Modelos matemáticos para tomada de decisão na produção de ovinos em ambiente pastoril

Detalhes bibliográficos
Ano de defesa: 2022
Autor(a) principal: Antonio Leandro Chaves Gurgel
Orientador(a): Gelson dos Santos Difante
Banca de defesa: Não Informado pela instituição
Tipo de documento: Tese
Tipo de acesso: Acesso aberto
Idioma: por
Instituição de defesa: Fundação Universidade Federal de Mato Grosso do Sul
Programa de Pós-Graduação: Não Informado pela instituição
Departamento: Não Informado pela instituição
País: Brasil
Palavras-chave em Português:
Link de acesso: https://repositorio.ufms.br/handle/123456789/4299
Resumo: The objective of this thesis was to develop and evaluate mathematical models to assist in decision making in the production of sheep under grazing. In Chapter 1, a modeling study was developed to test the hypothesis that the current published equations to predict the dry matter intake (DMI) of beef sheep are not applicable to animals raised on pastures in a tropical climate. The objective was to evaluate whether the DMI prediction equations for beef sheep are valid for sheep raised exclusively on tropical pastures, and to propose a new equation to predict the DMI of sheep kept on tropical pastures. The data used came from an experiment conducted with Santa Inês sheep kept in Massai grass pastures. It was observed that the null hypothesis was rejected, that is, the equations in the literature generated different predictions (β0 ≠ 0 and β1 ≠ 1) for the CMS observed in practical conditions of feeding sheep on grazing.
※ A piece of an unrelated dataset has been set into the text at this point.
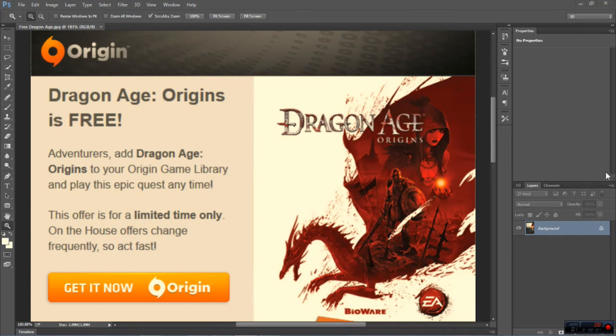Hey guys and welcome to Noob by Design. I was just checking my email and noticed that Origin or EA sent me an email saying that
Thus, the following equation was proposed: DMI (% PV) = 7.16545 (±0.76522) - 0.21799 (±0.01812) × LW + 0.00273 (±0.00034) × LW2 - 0 .00688 (±0.00299) × GT + 0.000007 (±0.000002) × GT2 + 0.00271 (±0.00108) × FFA, where LW is live weight (kg); GT is the grazing time (min/day) and FFA is fresh forage allowance (kg DM/100kg BW). In chapter 2, the hypothesis that biometric measurements can be used to predict the live weight of crossbred lambs kept in tropical pastures was tested. The objective was to propose a mathematical model to predict the body weight of lambs kept in tropical pastures based on biometric measurements. For this study, data from lambs with a genetic composition of at least 50% of the Santa Inês breed were used. The measurements of withers height (WH), rump height (RH), body length (BL), chest width (CW), rump width (RW), heart girth (HG) and abdominal circumference (AC) were used as input variables in the model. The model to predict the BW of lambs was: Weight (kg) = 0.4455 × HG - 0.5794 × AC + 0.0019 × RH2 + 0.0053 × AC2. In chapter 3 was aimed at predicting the carcass traits of Santa Inês lambs finished on tropical pastures through biometric measurements. The measurements of WH, CW, HG, RW, BL, leg circumference, leg length and slaughter weight explained most of the variation in carcass weight and major cuts. Therefore, modeling is an important tool to predict variables that are difficult to obtain in experimental conditions and production systems. The use of this tool facilitates planning and decision making.